Since June 2022, we have stopped sending conversion signals back to our Google Ads account, and have completely disconnected Analytics and any Google-related tracking code from our site. We also started a new Ads property and retired the old, "enriched" one, starting 100% fresh (we were worried about breaking things, so we isolated the move and were ready to rollback quick).

We have a yearly Gads budget around ~$5-$6M, of which is 95% SEA. We are selling an unchanged service in a very stable, slowly declining market with heavy ads competition for the top keywords. Roughly 60-65% of our customers are paid and come from Google.

Since then, our ROI on that spending has not changed whatsoever. Paid traffic remains stable. Our CAC and conversion rates are virtually the same (even slightly better). Our new customer's LTV has increased compared to the previous cohorts as well, so it seems we're actually getting better quality leads (though I wouldn't attribute it necessarily to Google).

So if reporting more data to Google was supposed to help us target our users more cost-efficiently, it did a piss poor job at it. In hindsight, we have wasted so much time trying to help Google make "smarter" decisions by providing it with more and more data (hello server-side tracking), while the most efficient thing to do would likely have been to do nothing at all.
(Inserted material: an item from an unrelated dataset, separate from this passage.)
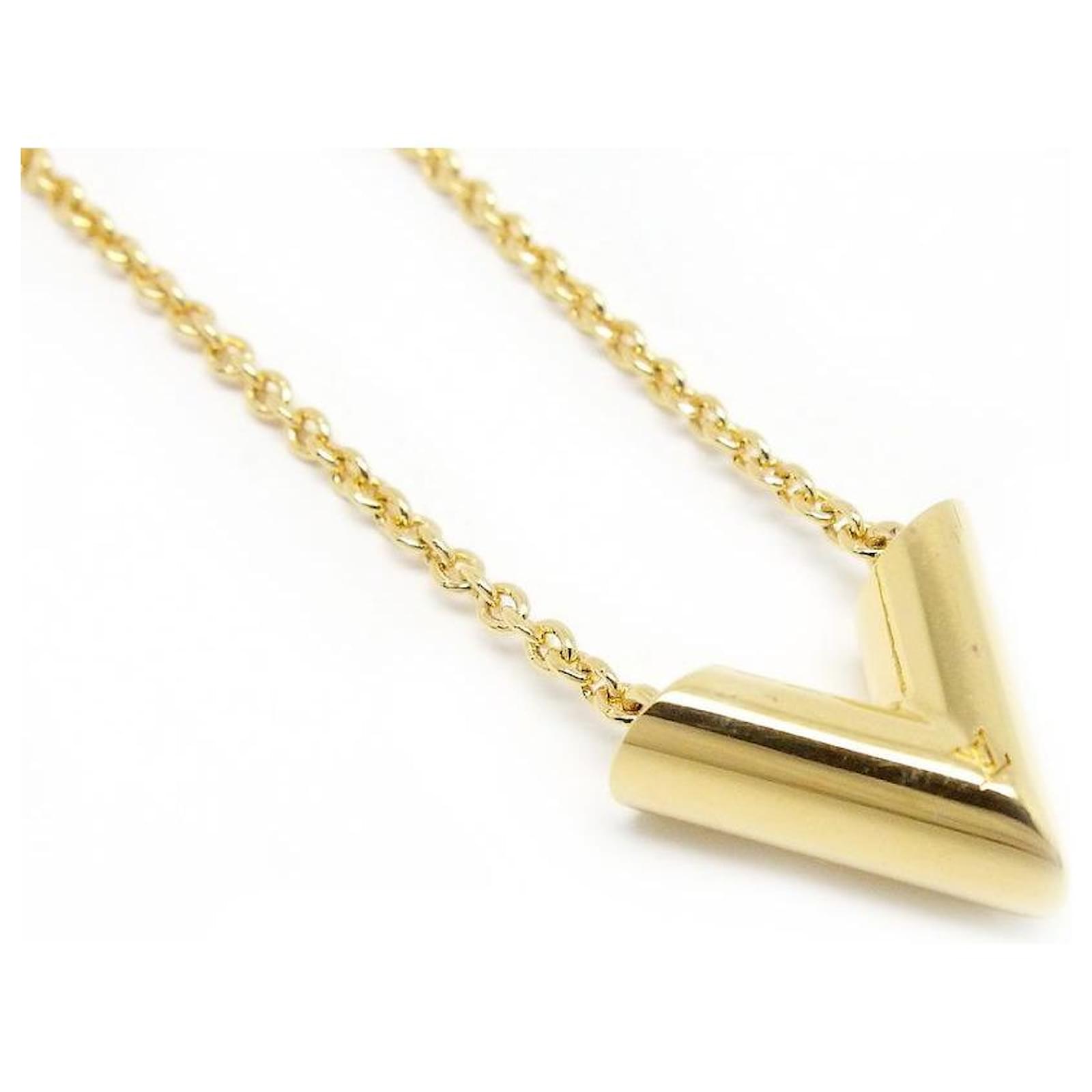 Used] LOUIS VUITTON Louis Vuitton GP M61083 Necklace Essential V Golden  Gold-plated ref.497484 - Joli Closet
We have been working with GAds selling the the same service for more than 8 years now, so we have a large basis of comparison to be able to make that case.

Maybe we're lucky, maybe this will turn out badly, but since then I have stopped blindly believing whatever the ads platforms are pretending to do behind the scenes with all this data. If they do anything with it, it doesn't seem to be for the advertiser.

Our next step will be to gradually cut our SEA spending and follow the impact.

And don't get me starting on Facebook's borderline fraudulent ad performance reporting that doesn't match our reality...


So effectively you stopped reporting back to google whether their ads traffic converted and you’ve noticed no difference in conversions?


Correct, we stopped giving them any sort of feedback (conversion or otherwise, due to removing Analytics as well) on the ads we were running.


Maybe they're just working off the baseline/old/stale data?


Doubt it, we've started a fresh property as well which should theoretically guarantee isolation. Time will tell.


> Statistically, these advertising segments will be very fuzzy and there will be outliers (probably many of them?).

Someone who goggled matresses and then bought one is hardly an "outlier" - it's probably more common than someone who googled mattresses and hasn't yet bought one. I guess the ad-tech companies don't let their advertisers de-select prospects that have already shot their load?


So much of advertising is lies that I don't do any advertising online any more.

I've pulled all my google ads, facebook ads, instagram ads and podcast ads.

After about 10 years of doing ads (for my coffee club) and really attempting to track what was happening (from a technical point of view) I couldn't actually attribute any of it (the holy grail of digital marketing). "Word of mouth" is still our biggest channel. And all the time whenever I speak to "marketing" people it's the same low value analysis with zero mathematical or scientific vigor. They look at what happened (High CTR on this ad) and draw some conclusion from it, and then next week when CTR flatlines on the ad they have no comment and are busy looking at the non-significant noise coming from another ad.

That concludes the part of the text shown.